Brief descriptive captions

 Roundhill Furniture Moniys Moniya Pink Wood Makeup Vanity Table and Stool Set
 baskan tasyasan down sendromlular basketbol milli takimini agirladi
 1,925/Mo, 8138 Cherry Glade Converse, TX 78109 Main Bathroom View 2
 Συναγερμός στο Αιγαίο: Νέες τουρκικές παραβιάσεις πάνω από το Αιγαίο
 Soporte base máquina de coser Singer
---
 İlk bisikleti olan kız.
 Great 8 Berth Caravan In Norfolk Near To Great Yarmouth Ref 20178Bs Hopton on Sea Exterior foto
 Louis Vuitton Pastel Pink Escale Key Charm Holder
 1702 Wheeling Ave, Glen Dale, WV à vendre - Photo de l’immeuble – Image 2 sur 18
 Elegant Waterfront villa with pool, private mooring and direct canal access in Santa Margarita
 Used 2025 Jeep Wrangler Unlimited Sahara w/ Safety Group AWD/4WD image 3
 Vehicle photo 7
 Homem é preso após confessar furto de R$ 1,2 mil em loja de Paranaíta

Try it
Which lines run from the one holding "1702 Wheeling Ave, Glen" through the one holding "Homem é preso" in the records above? Repeat them exactly, both included, and nothing more.

Response for this exercise
 1702 Wheeling Ave, Glen Dale, WV à vendre - Photo de l’immeuble – Image 2 sur 18
 Elegant Waterfront villa with pool, private mooring and direct canal access in Santa Margarita
 Used 2025 Jeep Wrangler Unlimited Sahara w/ Safety Group AWD/4WD image 3
 Vehicle photo 7
 Homem é preso após confessar furto de R$ 1,2 mil em loja de Paranaíta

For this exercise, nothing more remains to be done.